Nothing came of the plans to turn the Norderney into a museum. On 20 October 1977, the ship was sold to Jacques Mooren of Handels- en Scheepvaartbedrijf Kalkhaven BV, who immediately set up the Stichting Veronicaschip with the aim of preserving the Norderney in its original state. Subsequently, the ship was sold several more times, and thoroughly converted into a discotheque/café. The ship has been located in places such as Doesburg, Lelystad, Groningen, Maastricht, Dordrecht, Vlissingen, Middelburg, Leeuwarden and Papendrecht. After the radio ship had been in a port in Antwerp for about two years, the ship was towed to Groningen in 2012, with a brief stop at the Oranjewerf in Amsterdam, to serve as a media ship after a thorough refurbishment.

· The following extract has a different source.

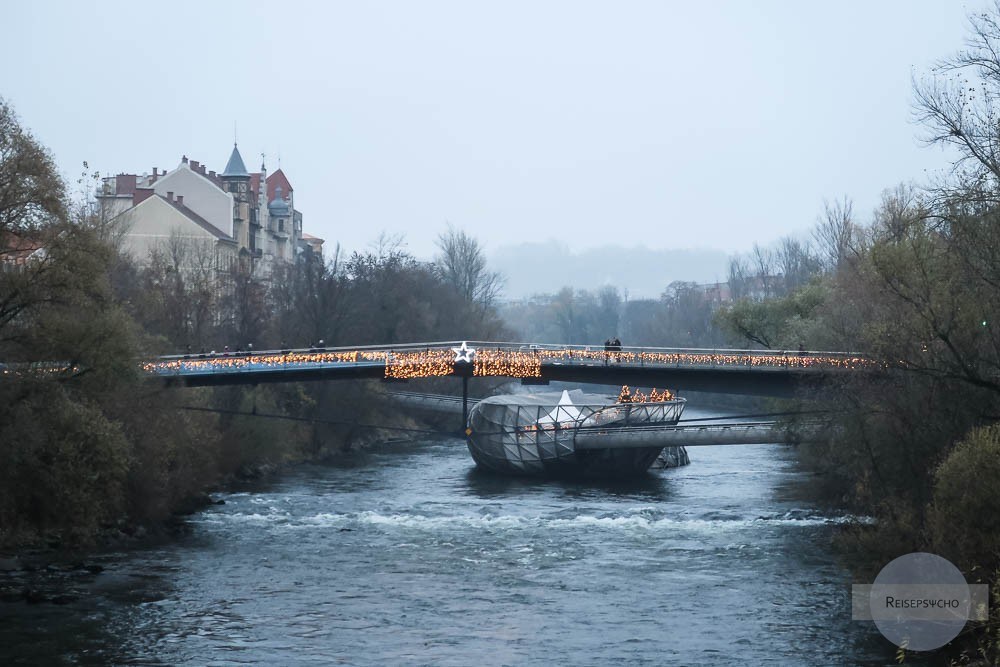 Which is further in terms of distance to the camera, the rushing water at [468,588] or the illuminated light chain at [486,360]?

The ship then went back to the IJ in Amsterdam-North, where it has been berthed at the NDSM site since 17 November 2013, where it served as a “multifunctional activity centre.” Since May 2018, it has housed a nightclub and restaurant.
https://www.hetveronicaschip.nl
Offshore radio station: Radio Veronica from 16th November 1964 (replacing the Borkumriff) to 31st August 1974.
On 31st August 2003, Radio Veronica made another relaunch as a licenced radio station in the Netherlands. Exactly 29 years after the offshore station closed down in 1974, Veronica broadcast for six hours from the vessel again.
Location: International waters off Scheveningen (Netherlands). Nowadays moored at the NDSM site in Amsterdam/Netherlands.